A Request for an Advisory Opinion may be filed at any time prior to the rendering of a final decision by a local land use appeal authority under the provisions of Title 13, Chapter 43, Section 205 of the Utah Code. An advisory opinion is meant to provide an early review, before any duty to exhaust administrative remedies, of significant land use questions so that those involved in a land use application or other specific land use disputes can have an independent review of an issue. It is hoped that this can help the parties avoid litigation, resolve differences in a fair and neutral forum, and understand the relevant law. The decision is not binding, but, as explained at the end of this opinion, may have some effect on the long-term cost of resolving such issues in the courts.

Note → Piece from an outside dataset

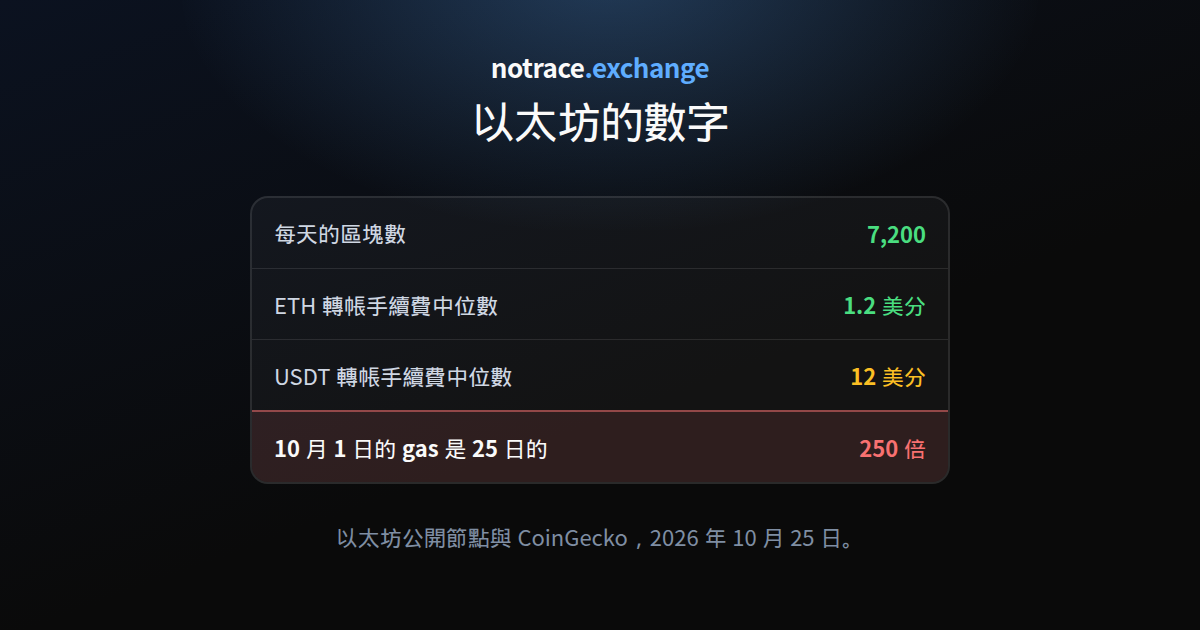 2026 年 10 月 25 日的以太坊：每天的區塊數、ETH 轉帳與 USDT 轉帳的手續費中位數，以及 gas 自 10 月 1 日以來便宜了幾倍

A Request for an Advisory Opinion was received from Ronald E. Harbut on November 16, 2020, and later joined by Tom Sawyer on November 25, 2020. A copy of the request was sent via certified mail to Jennifer Johnson, Municipal Clerk for Big Water Town, 60 North Aaron Burr, Big Water, Utah 84741, on December 1, 2020.


The Ombudsman’s Office reviewed the following relevant documents and information prior to completing this Advisory Opinion:

  1. Supplemental Arguments and Documents submitted by Ronald E. Harbut, received January 15 and January 19, 2021.
  2. Letter from attorney Joseph M. Chambers re: Opinion Regarding Advisory Opinion Request, submitted by Ronald E. Harbut, dated February 19, 2021.
  3. Letter re: Lone Rock Views at Lake Powell Subdivision, submitted by David W. Hunter, attorney for Michael & Robin Crowther, dated March 16, 2021.
  4. Letter from Joseph M. Chambers in response to March 16, 2021 David Hunter letter, dated March 22, 2021.
  5. Letter from attorney Scott F. Garrett on behalf of concerned citizens of Big Water to Mayor David Schmuker dated January 22, 2021.
  6. Memorandum re: Big Water Town’s Legal Position, submitted by Justin Wayment, counsel for Big Water, dated April 21, 2021. 


In the Town of Big Water, just off of state highway 89, sits a group of nine adjacent tracts of vacant land of similar size (roughly 3 acres each), labeled as parcels B-24-75 through B-24-83,[1] illustrated as follows:   

Section 24 T43S R2E

Once public land, the area comprising the above-illustrated properties was internally surveyed and platted for the defined tracts by the Bureau of Land Management (“BLM”) in 1958 and transferred from the Federal Government to private ownership through land patents issued in 1959 pursuant to the Small Tract Act of 1938. Each land patent is described as “subject to a right-of-way not exceeding 33 feet in width, for roadway and public utility purposes” along specified boundaries of each tract that, when read together, depict a 66-foot right-of-way originating off highway 89 and running through the nine tracts along certain of their respective shared boundaries, as shown in the above illustration above by dotted lines.  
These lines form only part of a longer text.